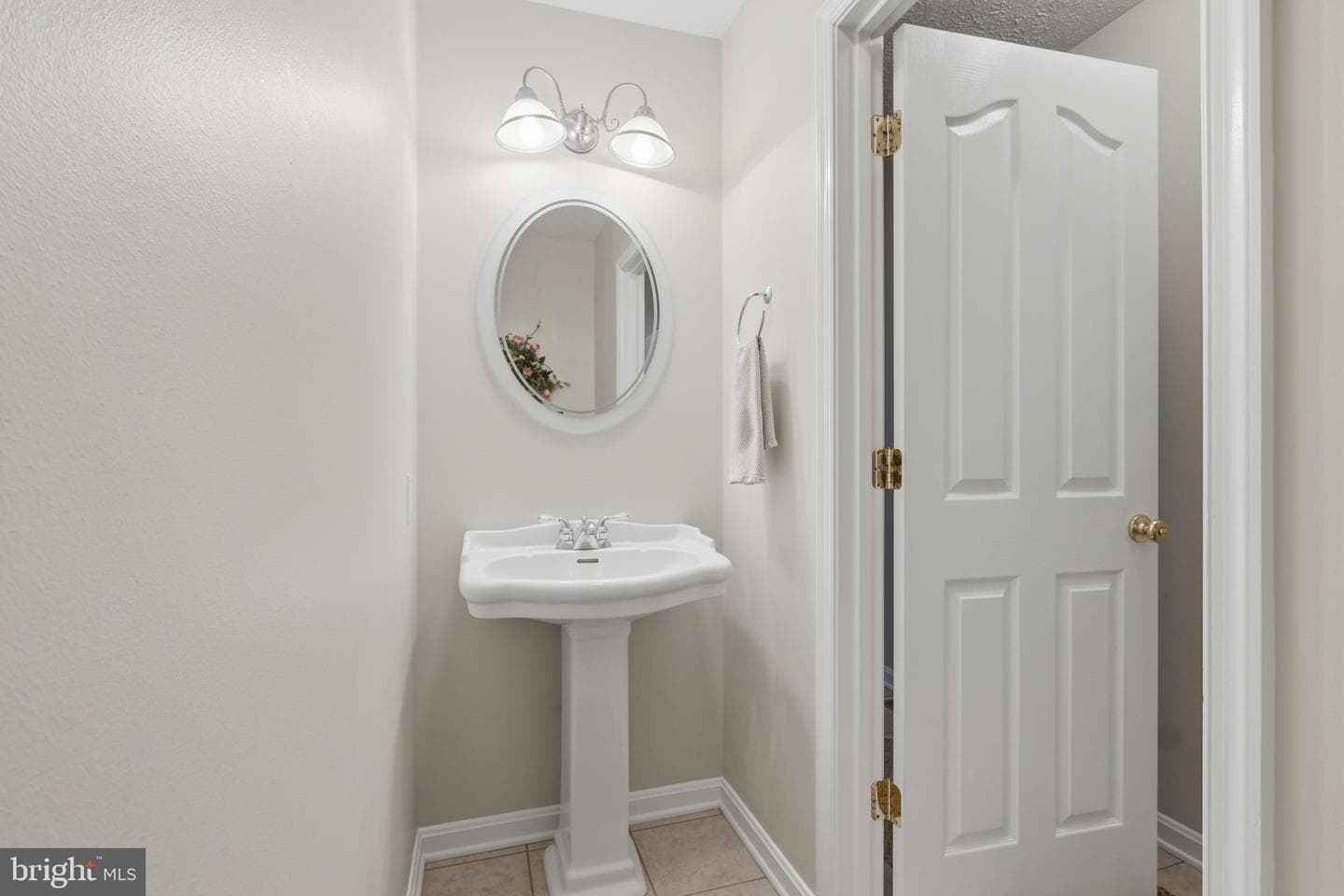 221 Hadley Drive photo 27
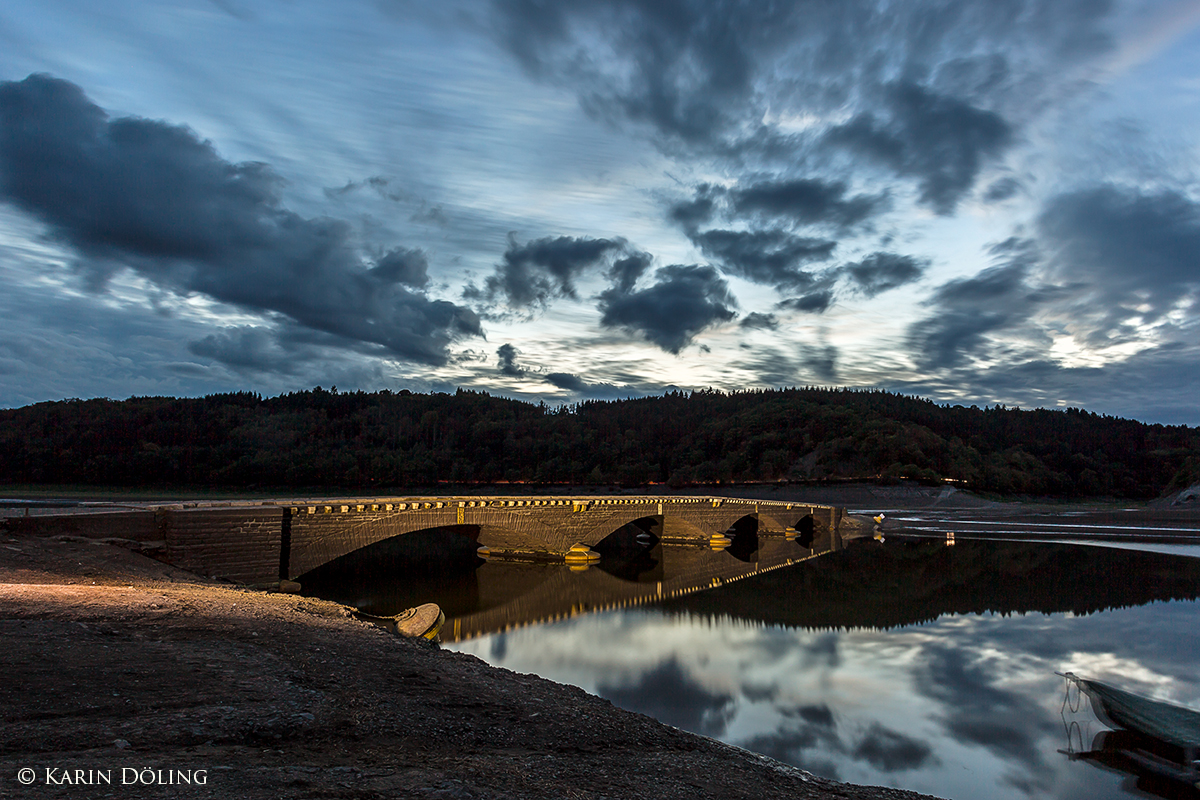 Aseler Brücke am Edersee taucht auf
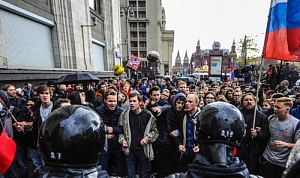 Социологи предупредили о возможности массовых протестов в России Социологи предупредили о возможности массовых протестов в России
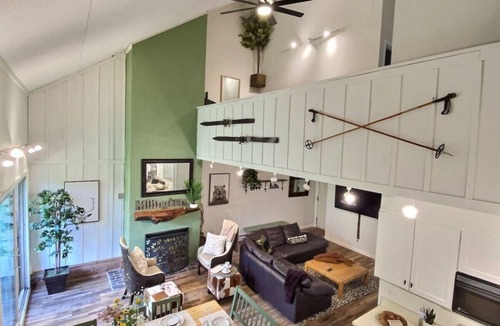 Killington Apartment | Bear8 Sleeps 20, AC, Pool, Close to Resort, Fireplaces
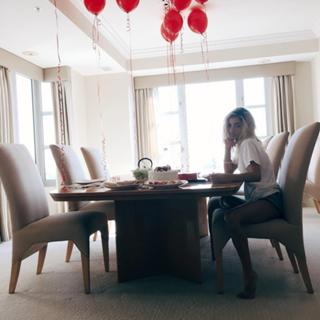Pia Mia feet photo thumbnail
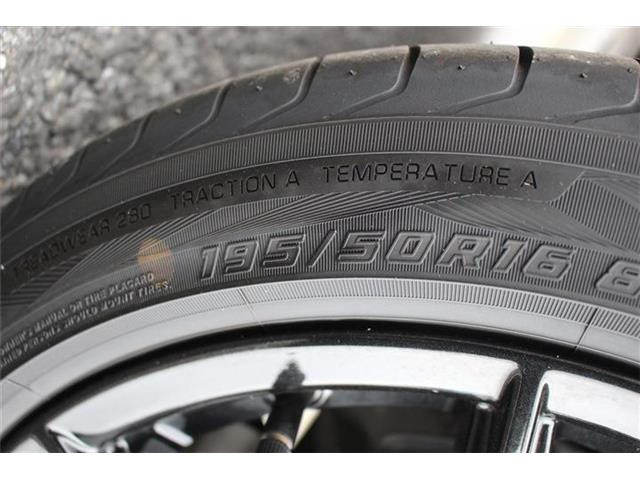 ���Ǝҗl�ւ̔̔��͂��f�肳���Ă��������܂��B �Ԍ������ԗ��̏ꍇ�́A�Ԍ����擾�������x�������z�ŕ\�����Ă���܂��B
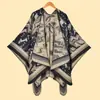 Venta Directa Comercio Exterior Moda Otoño e Invierno Bufanda Chal Graffiti Retro Dividido Chal Cálido Capa Poncho Chales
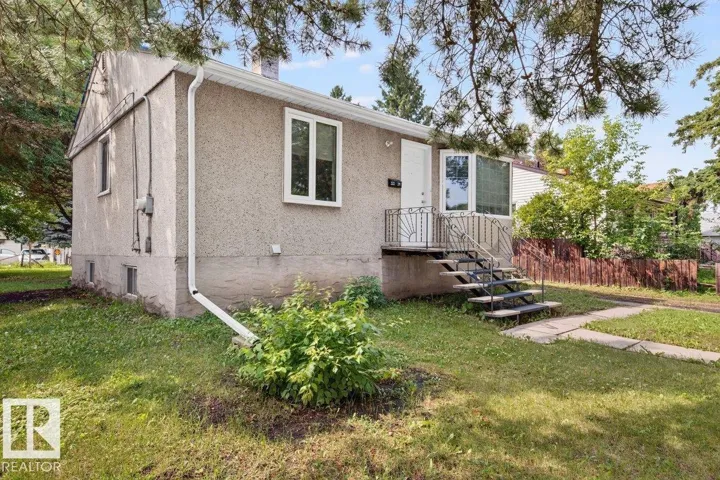 12134 42 ST NW NW, Edmonton, Alberta T5W2N9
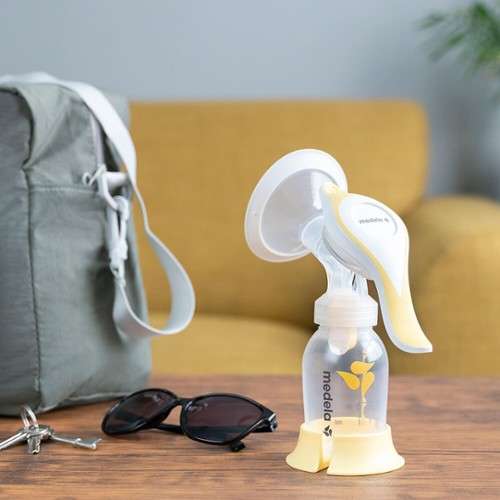 Medela Harmony Manual Breast Pump - Image 4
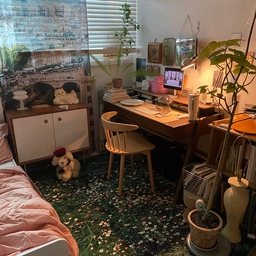 #콘수프기록집 #오늘의우리집
어제 비가 쏟아질걸 깜박하고 창문 열고 잠깐 나갔다가 전전긍긍 했는데요. 
다행히 창가 가득히 화분들 올려둬서 초록이들 기분만 좋아졌다는 반가운 소식😚🍀
.
.
.
#아파트침실 #아파트인테리어 #침실인테리어 #데스크테리어 #책상꾸미기 #책상인테리어 #러그 #아파트확장 #작은방확장 #패브릭포스터 #책상조명 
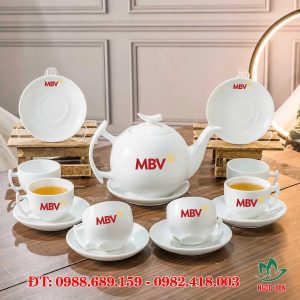 Bộ ấm trà sứ trắng Bát Tràng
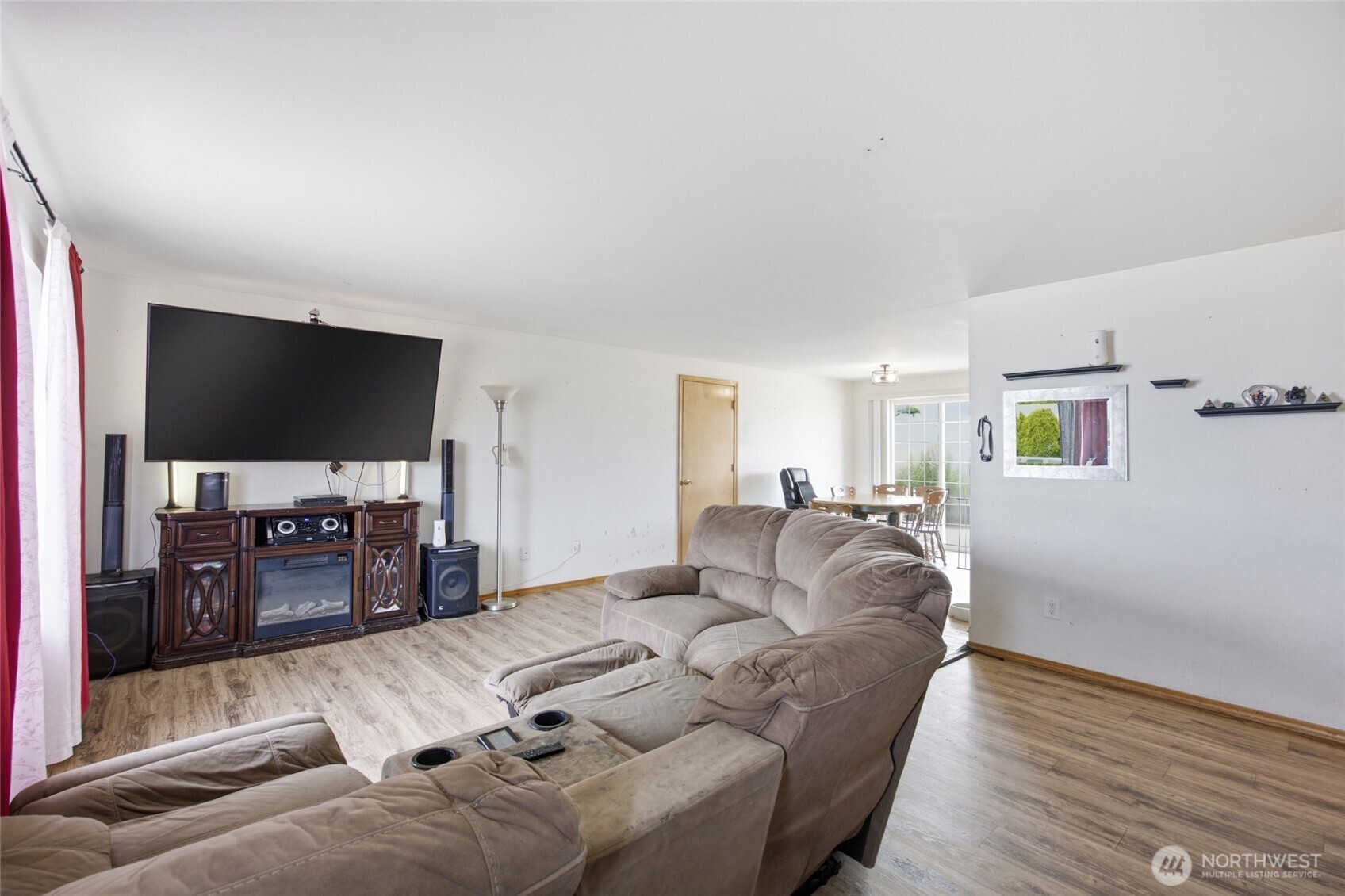 1227 Lowry Street Property Photo 4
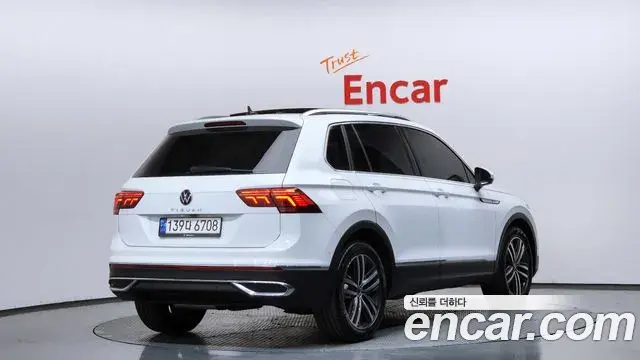 Volkswagen Tiguan 2023 — Şəkil 7/20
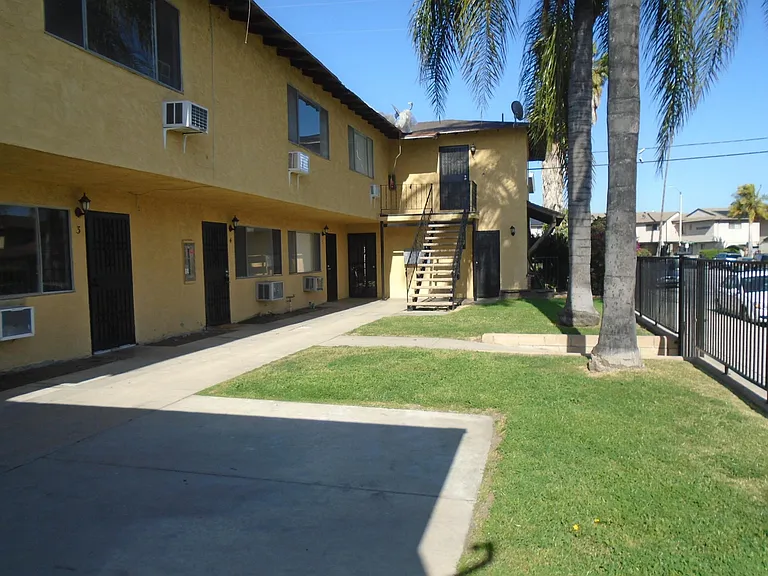 322 N Prospero Dr #4 — Photo 4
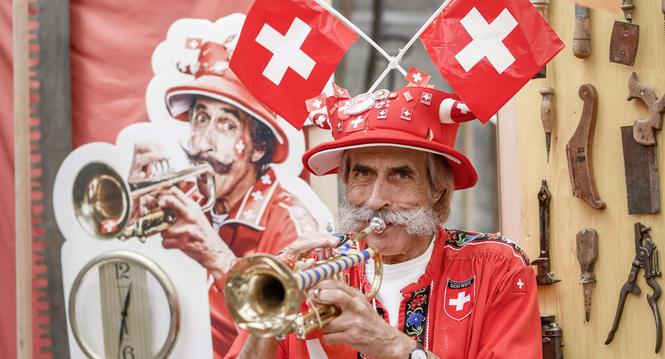Portrait von Sigi Trompetensigi Michel mit seiner Trompete, am Freitag, 25. Juni, 2021. (Melanie Duchene / Schaffhauser Nachrichten)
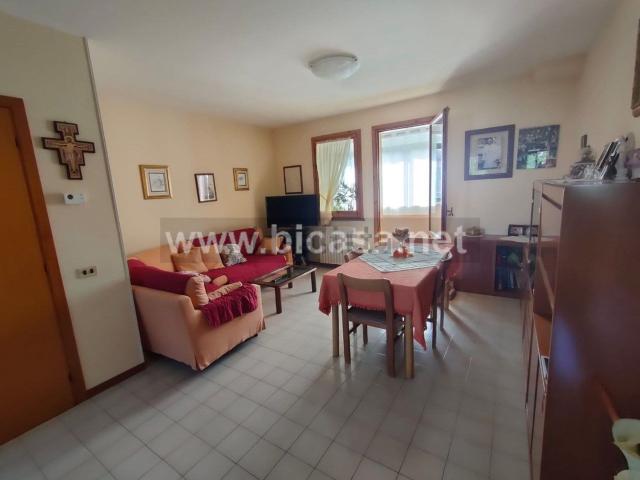 Appartamento in vendita a Villa Ceccolini, Pesaro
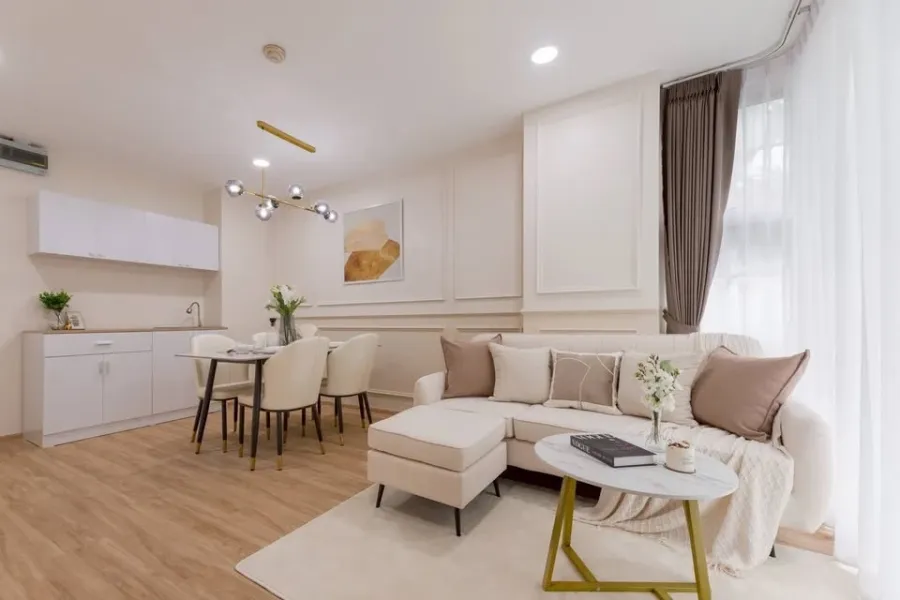 For sale, 65-storey, balcony, north facing, well decorated, fully furnished, must reserve this one.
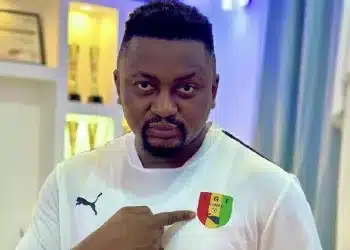 Azaya signe et persiste : « On acceptera aucune pression sur nos joueurs »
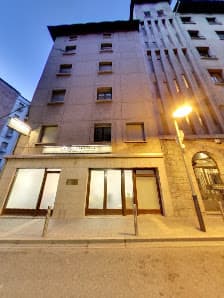 Galería de PERRUQUERIA RISSOS 3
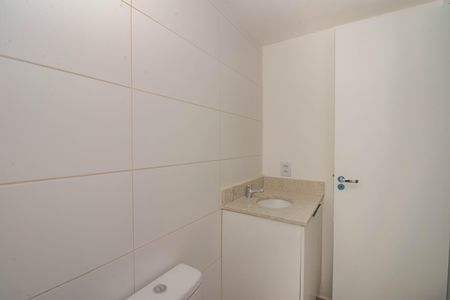 Apartamento para alugar com 61m², 2 quartos e 1 vaga Apartamento para alugar com 61m², 2 quartos e 1 vagaBanheiro da Suíte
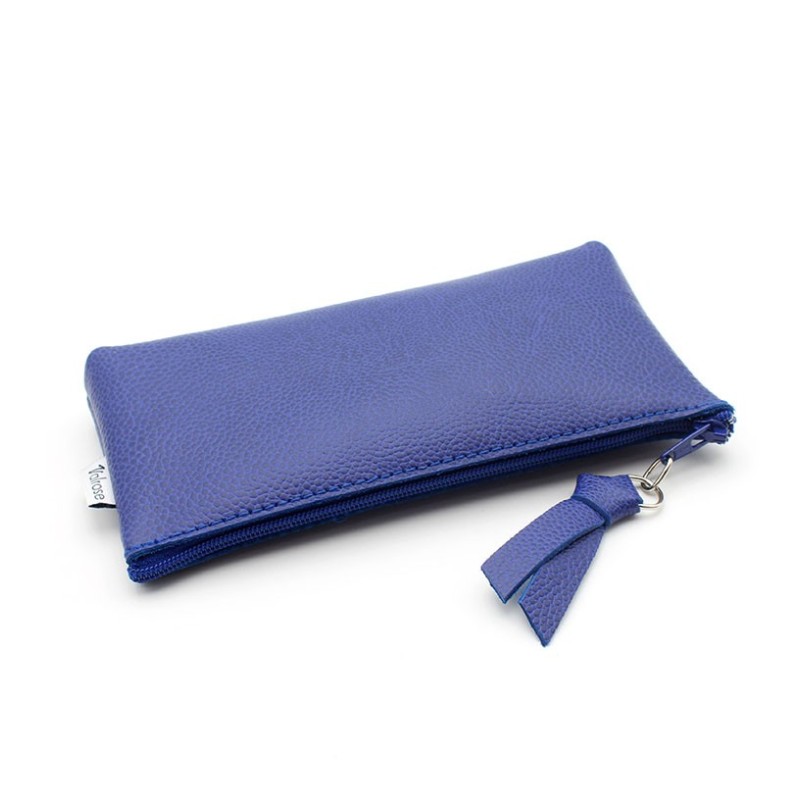 Pochette zippée en cuir avec mousqueton Bleue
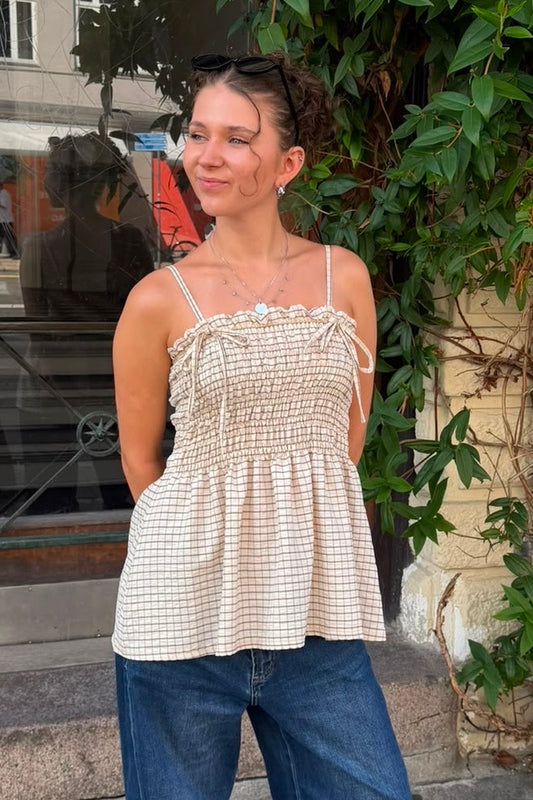 Leonora Smocked Strap Top -Cream - Øst London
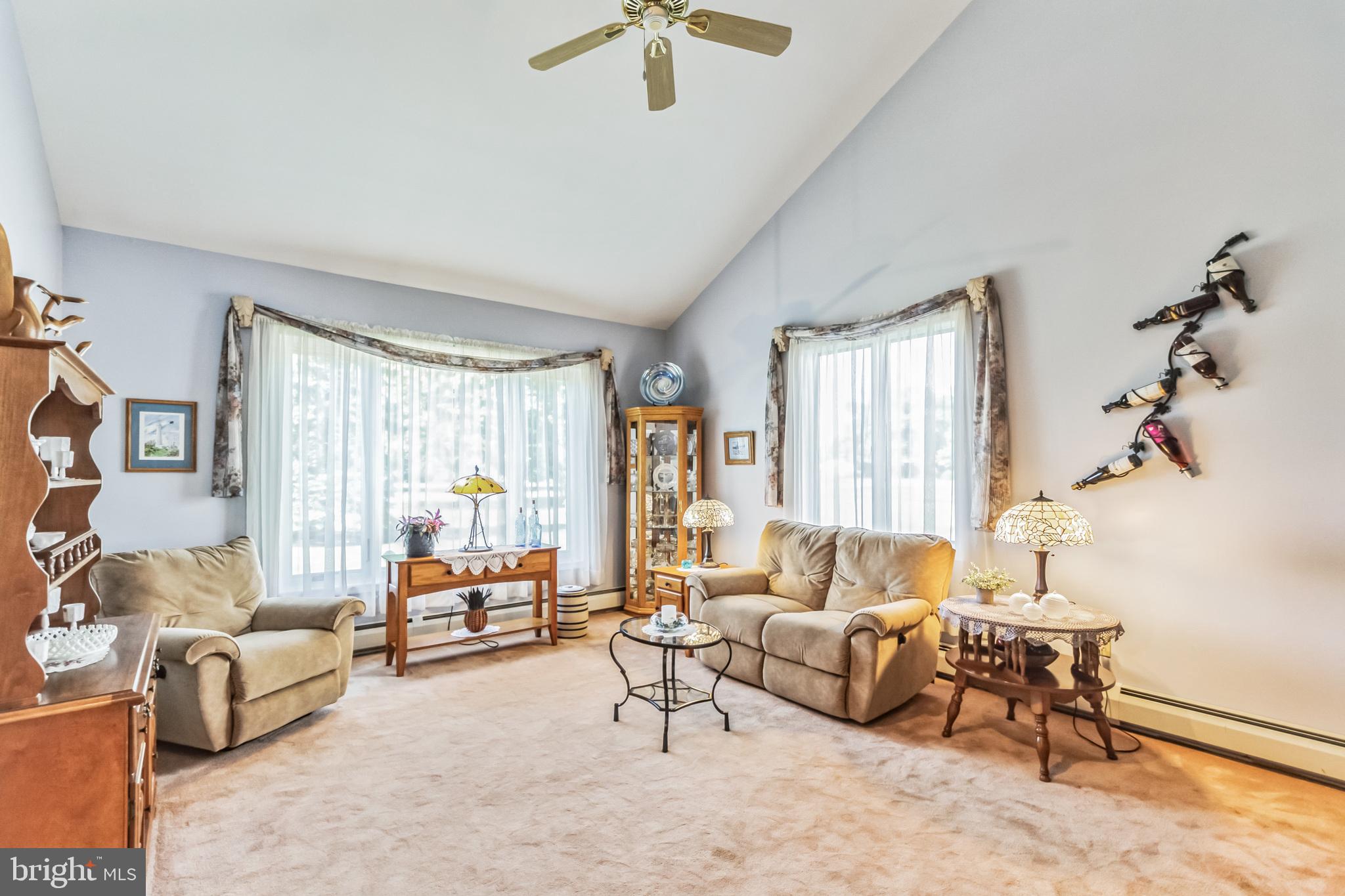 2558 Hillcrest Road Quakertown, PA 18951 - Photo 10 of 34 Living Room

-----

Above, find the line holding "#콘수프기록집 #오늘의우리집" and the line holding "1227 Lowry Street Property Photo 4". Print exactly those two lines and every line between them, but no pictures.

 #콘수프기록집 #오늘의우리집
어제 비가 쏟아질걸 깜박하고 창문 열고 잠깐 나갔다가 전전긍긍 했는데요. 
다행히 창가 가득히 화분들 올려둬서 초록이들 기분만 좋아졌다는 반가운 소식😚🍀
.
.
.
#아파트침실 #아파트인테리어 #침실인테리어 #데스크테리어 #책상꾸미기 #책상인테리어 #러그 #아파트확장 #작은방확장 #패브릭포스터 #책상조명 
 Bộ ấm trà sứ trắng Bát Tràng
 1227 Lowry Street Property Photo 4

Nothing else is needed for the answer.